▶ _What is required_
In the records below, count the lines that have "Conjunto" and answer with the number alone.

Brief descriptive captions
%%
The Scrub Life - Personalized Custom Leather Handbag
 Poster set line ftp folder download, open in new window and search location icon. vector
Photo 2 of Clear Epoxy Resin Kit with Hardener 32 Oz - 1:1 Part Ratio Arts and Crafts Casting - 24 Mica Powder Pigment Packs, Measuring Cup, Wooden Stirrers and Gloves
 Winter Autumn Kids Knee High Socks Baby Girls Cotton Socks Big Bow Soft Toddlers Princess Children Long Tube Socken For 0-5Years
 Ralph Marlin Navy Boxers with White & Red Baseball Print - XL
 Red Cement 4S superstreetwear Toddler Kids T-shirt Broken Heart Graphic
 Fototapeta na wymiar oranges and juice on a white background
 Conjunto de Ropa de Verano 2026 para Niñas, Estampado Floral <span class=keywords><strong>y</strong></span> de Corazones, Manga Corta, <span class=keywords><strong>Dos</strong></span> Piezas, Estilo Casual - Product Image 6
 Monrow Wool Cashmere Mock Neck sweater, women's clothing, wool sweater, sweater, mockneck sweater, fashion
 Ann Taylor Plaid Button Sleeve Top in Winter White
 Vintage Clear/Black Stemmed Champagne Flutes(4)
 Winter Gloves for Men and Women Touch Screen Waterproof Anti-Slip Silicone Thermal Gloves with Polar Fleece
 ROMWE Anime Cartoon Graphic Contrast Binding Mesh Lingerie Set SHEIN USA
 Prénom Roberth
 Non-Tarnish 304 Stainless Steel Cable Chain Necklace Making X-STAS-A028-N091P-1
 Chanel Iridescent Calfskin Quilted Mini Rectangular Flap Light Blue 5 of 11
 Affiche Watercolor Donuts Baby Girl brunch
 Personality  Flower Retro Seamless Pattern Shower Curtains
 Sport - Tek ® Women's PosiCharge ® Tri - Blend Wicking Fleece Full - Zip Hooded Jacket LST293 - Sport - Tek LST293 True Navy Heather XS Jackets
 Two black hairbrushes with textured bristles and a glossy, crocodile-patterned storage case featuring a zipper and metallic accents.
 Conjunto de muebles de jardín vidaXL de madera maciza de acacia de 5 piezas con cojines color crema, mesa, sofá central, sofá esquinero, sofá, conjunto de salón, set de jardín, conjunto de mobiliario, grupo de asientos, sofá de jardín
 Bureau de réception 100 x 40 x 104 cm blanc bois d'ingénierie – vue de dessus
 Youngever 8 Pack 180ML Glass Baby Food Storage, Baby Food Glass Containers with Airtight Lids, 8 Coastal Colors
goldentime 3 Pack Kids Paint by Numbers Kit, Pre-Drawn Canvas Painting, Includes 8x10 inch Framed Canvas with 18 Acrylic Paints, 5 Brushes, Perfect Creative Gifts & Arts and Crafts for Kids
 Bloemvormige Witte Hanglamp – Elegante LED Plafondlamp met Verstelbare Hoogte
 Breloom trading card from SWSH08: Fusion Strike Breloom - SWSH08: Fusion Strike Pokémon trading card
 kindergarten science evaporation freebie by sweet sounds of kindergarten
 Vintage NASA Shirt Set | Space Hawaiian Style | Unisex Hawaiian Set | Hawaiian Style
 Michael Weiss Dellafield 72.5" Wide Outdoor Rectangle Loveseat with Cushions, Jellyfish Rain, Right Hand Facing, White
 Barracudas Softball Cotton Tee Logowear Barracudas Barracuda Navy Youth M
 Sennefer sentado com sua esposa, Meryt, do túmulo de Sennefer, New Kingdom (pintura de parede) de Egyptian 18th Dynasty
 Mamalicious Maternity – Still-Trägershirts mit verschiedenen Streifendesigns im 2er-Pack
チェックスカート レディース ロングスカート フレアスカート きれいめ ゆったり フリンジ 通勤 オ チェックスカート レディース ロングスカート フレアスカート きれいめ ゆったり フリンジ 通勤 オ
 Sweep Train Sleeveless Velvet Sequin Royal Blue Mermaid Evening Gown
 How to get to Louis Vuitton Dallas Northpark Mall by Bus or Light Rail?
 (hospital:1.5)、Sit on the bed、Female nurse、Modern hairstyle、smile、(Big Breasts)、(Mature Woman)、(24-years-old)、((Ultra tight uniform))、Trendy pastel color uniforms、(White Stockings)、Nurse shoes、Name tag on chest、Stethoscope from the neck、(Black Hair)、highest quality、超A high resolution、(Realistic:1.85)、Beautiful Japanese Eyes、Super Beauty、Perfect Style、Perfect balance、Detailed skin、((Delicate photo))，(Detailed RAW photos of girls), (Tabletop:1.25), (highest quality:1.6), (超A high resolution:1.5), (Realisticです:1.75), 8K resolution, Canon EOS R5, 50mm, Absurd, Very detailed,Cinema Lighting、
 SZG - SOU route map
%%
▶ _Result of the task_
2